Inside the handsome Gothic-revival church by James Renwick in Ipswich, Massachusetts stands one of the most colorful early instruments of Charles Fisk. Opus 62 at Ascension Memorial Episcopal Church is a two-manual and pedal instrument of twenty-three stops and twenty-eight ranks.

The organ’s warm flute and foundation stops support both congregational singing and choral repertoire. Embracing the breadth of organ literature, the instrument speaks with a decidedly French accent, and is especially suited to the performance of repertoire from the French Classical period. The Trumpet and Clarion of the Great are inspired by the work of 18th century French builder François-Henri Clicqout. A complete jeu de tierce is available on the Great division, a luxury for a two-manual instrument. Finally, the thrilling grand jeux brings to life the music of François Couperin and his contemporaries.
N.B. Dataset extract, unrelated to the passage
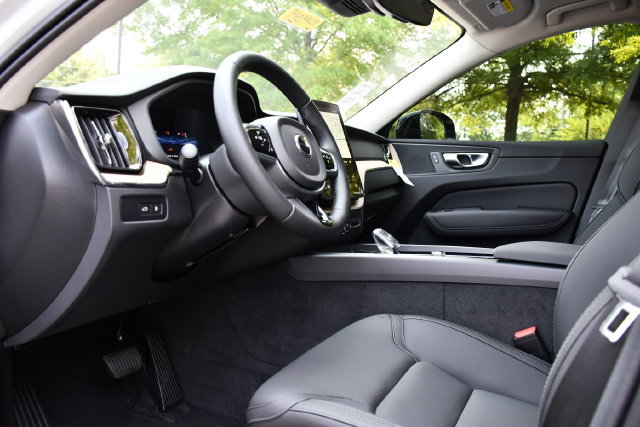 New 2026 Volvo XC60 T8 Plus w/ Climate Package PRO AWD/4WD image 12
Several stops are reconditioned from the preceding instrument, an early twentieth-century Hutchings. The Great Bourdon, Swell Open and Stopped Diapasons, and Pedal Flûte are seamlessly incorporated with the new Fisk stops. Opus 62 is the first organ on which Charles Fisk experimented with historic temperaments, in this case Kirnberger III.

The visual design is based upon Opus 57 in Willimantic, Connecticut, but the Brustwerk is enlarged into a full Swell division with shutters incorporated into two large doors above the keydesk.

The organ was dedicated in December 1974 by André Isoir, titular organist of the abbey church of Saint-Germain-des-Prés in Paris.